There was once a girl who loved playing dress up and pretending to be someone else. “She put tape on her face and pulled it into strange shapes to look like a ghoul. She painted herself with poster paint and took the train into New York city with her friends to spend an afternoon “fake” shopping as the paint peeled off her eyelids.”

In this absorbing biography, Greenberg and Jordan do an excellent job of highlighting the fascinating, creative process of Cindy Sherman. In her work, Untitled Film Stills, Sherman would dress herself up in various costumes and photograph herself in any spot that interested her. When she develop the film it would look cracked and grainy. Sherman wanted her photos to resemble black-and-white film stills that were used to promote movies. The project was done over four years and included sixty-nine images.

To this day, Sherman continues to do many interesting photograph series with herself as the main character. Her ability to totally transform herself is truly amazing.

The narrative is paired throughout with well-captioned color photographs of Sherman’s different art projects.

The book includes a section called Production Notes that takes a deeper look at the artist. One fact that stood out for me was that Sherman was the first woman artist in the world to sell a photograph for $1,000,000.  Other back matter: a bibliography, source notes, lists of artwork by Sherman.

Share this with middle and high school students.

Click here to visit the artist's website for more information about her work.

I borrowed a copy of this book from my local public library.

Monday, December 4, 2017

Many: The Diversity of Life on Earth by Nicola Davies



Many: The Diversity of Life on Earth
Nicola Davies; Illustrated by Emily Sutton
Candlewick Press. 2017
ISBN: 9780763694838

Note: While Cathy is on Sabbatical, Louise is writing all the reviews. Cathy will return March, 2018.

Everywhere you look, from big things like elephants to small things like mushrooms, our planet is teaming with life. We can start counting with one, but keep on counting and we get many species. In this engaging informational picture book, Davies explores the many different kinds of living things that live on Earth and how we are all dependent on one another for survival.
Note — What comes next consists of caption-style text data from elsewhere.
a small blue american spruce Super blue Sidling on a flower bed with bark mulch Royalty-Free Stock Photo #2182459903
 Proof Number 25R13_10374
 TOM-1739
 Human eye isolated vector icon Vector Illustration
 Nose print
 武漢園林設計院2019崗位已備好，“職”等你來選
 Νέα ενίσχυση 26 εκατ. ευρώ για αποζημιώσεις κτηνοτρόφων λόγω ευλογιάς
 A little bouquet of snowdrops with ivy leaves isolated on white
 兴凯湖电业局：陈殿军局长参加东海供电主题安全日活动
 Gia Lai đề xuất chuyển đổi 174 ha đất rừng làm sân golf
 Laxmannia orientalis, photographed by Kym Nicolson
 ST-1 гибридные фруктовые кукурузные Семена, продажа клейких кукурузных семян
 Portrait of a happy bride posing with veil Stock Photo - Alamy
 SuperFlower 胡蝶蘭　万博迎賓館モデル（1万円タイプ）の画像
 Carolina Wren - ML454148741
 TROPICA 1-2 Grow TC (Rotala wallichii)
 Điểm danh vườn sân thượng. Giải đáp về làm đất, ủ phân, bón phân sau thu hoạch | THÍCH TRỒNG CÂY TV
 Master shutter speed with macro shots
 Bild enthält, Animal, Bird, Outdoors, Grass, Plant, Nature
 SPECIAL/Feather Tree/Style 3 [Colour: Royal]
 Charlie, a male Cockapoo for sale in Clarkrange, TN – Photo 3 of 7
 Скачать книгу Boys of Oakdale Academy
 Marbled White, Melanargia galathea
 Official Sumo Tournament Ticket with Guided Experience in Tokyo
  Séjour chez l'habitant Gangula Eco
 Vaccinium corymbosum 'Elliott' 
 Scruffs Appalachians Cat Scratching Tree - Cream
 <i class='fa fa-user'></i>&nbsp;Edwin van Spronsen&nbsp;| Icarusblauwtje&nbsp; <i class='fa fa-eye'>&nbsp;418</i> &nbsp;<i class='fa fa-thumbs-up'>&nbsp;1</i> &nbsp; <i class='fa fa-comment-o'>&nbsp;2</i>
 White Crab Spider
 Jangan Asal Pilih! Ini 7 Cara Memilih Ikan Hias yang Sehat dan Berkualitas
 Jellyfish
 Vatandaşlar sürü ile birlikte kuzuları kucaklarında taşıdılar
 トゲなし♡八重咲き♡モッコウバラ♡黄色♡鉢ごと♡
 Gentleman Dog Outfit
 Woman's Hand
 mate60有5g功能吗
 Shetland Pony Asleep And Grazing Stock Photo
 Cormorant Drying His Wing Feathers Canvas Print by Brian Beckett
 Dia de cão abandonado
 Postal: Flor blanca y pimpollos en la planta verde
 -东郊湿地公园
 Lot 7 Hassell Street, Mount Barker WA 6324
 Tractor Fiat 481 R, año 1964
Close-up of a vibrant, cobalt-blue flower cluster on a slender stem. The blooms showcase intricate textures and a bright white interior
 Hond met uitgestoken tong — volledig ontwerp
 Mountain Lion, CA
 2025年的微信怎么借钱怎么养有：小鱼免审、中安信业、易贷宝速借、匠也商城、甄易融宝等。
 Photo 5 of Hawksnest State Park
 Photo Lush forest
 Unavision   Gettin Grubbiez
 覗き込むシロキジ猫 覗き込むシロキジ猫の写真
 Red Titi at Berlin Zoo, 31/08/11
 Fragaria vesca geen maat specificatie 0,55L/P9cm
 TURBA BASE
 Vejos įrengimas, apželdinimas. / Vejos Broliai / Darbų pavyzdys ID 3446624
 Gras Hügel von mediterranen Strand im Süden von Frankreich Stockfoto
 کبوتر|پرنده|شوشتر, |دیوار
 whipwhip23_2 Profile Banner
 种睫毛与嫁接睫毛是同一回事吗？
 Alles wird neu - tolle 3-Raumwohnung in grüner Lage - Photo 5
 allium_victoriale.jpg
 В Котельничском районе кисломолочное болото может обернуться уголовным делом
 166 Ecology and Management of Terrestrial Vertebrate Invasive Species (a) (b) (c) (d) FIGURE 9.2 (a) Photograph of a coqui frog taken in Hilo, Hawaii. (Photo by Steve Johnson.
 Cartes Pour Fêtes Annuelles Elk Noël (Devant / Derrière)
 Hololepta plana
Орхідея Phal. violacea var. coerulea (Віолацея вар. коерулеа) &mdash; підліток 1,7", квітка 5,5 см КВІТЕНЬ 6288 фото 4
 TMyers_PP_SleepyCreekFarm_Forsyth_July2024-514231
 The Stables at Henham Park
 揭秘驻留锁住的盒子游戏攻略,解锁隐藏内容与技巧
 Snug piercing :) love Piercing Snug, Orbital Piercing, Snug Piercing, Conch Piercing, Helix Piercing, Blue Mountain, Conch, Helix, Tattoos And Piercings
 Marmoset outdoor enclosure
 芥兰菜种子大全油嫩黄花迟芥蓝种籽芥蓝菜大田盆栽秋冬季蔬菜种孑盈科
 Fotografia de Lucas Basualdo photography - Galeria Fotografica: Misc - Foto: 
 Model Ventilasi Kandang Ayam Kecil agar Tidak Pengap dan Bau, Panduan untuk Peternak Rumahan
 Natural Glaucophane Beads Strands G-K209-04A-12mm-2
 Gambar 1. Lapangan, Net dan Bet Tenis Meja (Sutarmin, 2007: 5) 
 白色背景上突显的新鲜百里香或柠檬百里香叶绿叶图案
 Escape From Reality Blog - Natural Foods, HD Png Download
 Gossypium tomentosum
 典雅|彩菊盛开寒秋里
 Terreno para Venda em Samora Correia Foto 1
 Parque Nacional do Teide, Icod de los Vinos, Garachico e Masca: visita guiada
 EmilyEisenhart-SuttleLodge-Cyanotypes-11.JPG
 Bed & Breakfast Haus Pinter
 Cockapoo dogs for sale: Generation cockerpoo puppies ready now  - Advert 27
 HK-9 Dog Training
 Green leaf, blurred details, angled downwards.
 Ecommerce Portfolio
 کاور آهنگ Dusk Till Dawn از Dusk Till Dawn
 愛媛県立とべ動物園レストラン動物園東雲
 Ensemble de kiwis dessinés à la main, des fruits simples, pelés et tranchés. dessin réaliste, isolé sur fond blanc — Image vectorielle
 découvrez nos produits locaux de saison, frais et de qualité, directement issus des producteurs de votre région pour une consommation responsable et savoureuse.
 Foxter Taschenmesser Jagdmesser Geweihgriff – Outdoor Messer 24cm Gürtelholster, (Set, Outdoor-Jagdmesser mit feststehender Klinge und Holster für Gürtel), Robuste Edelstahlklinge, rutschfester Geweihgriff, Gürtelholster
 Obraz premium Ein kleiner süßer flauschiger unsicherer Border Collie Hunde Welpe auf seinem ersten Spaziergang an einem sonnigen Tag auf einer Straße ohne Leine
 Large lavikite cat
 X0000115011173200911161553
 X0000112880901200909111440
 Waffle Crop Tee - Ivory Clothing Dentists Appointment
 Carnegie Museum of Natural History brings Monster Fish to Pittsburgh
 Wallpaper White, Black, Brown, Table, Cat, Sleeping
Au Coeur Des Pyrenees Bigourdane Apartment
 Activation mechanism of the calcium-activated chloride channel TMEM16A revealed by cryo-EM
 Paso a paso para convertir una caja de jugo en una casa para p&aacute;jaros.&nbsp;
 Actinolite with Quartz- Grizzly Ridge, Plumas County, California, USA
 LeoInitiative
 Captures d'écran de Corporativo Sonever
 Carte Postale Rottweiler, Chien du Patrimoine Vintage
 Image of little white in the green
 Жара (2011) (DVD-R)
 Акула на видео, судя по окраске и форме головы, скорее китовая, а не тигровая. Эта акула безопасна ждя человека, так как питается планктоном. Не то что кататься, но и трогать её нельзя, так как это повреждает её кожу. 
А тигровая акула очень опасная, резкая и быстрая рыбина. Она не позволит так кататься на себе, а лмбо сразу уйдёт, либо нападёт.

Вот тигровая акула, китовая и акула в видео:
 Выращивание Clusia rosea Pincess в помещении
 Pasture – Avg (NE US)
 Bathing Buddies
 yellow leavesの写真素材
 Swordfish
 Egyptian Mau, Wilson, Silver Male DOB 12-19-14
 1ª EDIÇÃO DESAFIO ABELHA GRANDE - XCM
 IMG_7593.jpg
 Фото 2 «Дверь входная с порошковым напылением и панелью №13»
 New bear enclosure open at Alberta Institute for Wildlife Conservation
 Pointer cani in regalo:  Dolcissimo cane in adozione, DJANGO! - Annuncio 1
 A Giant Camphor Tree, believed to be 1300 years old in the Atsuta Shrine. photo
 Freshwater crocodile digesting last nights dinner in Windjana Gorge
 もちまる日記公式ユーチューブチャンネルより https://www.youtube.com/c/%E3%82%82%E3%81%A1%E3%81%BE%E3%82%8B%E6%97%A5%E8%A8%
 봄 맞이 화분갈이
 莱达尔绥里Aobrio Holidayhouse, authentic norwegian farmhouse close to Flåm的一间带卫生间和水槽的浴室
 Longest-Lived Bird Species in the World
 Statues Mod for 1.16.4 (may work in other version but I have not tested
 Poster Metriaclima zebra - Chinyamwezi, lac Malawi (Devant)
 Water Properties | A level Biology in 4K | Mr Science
Each double-page spread has folk art style illustrations rendered in watercolor that mirror the simple narrative that is perfect for reading aloud. Some spreads offer captions of more detailed information in a smaller italicized font.  

Woven into the narrative is the message that it is up to us, humans, to save our world. “Human beings are part of the pattern, too, and we need to make sure it stays big, beautiful, and complicated…because we could not keep living on Earth if we had to count down instead of up…from MANY to one.


A perfect companion to Davies and Sutton’s earlier work, Tiny Creatures: the World of Microbes. Pair these with the Sunlight series by Molly Bang and Penny Chisholm.

To write this review, I borrowed a copy of the book from my local public library.

Monday, November 13, 2017

The 57 Bus: a true story of two teenagers and the crime that changed their lives By Dashka Slater



The 57 Bus: a true story of two teenagers and the crime that changed their lives

By Dashka Slater

Farrar Straus Giroux. 2017

ISBN: 9780374303235

Grades 7 and up
Note: While Cathy is out on Sabbatical, Louise is writing all the reviews. Cathy will return February, 2018.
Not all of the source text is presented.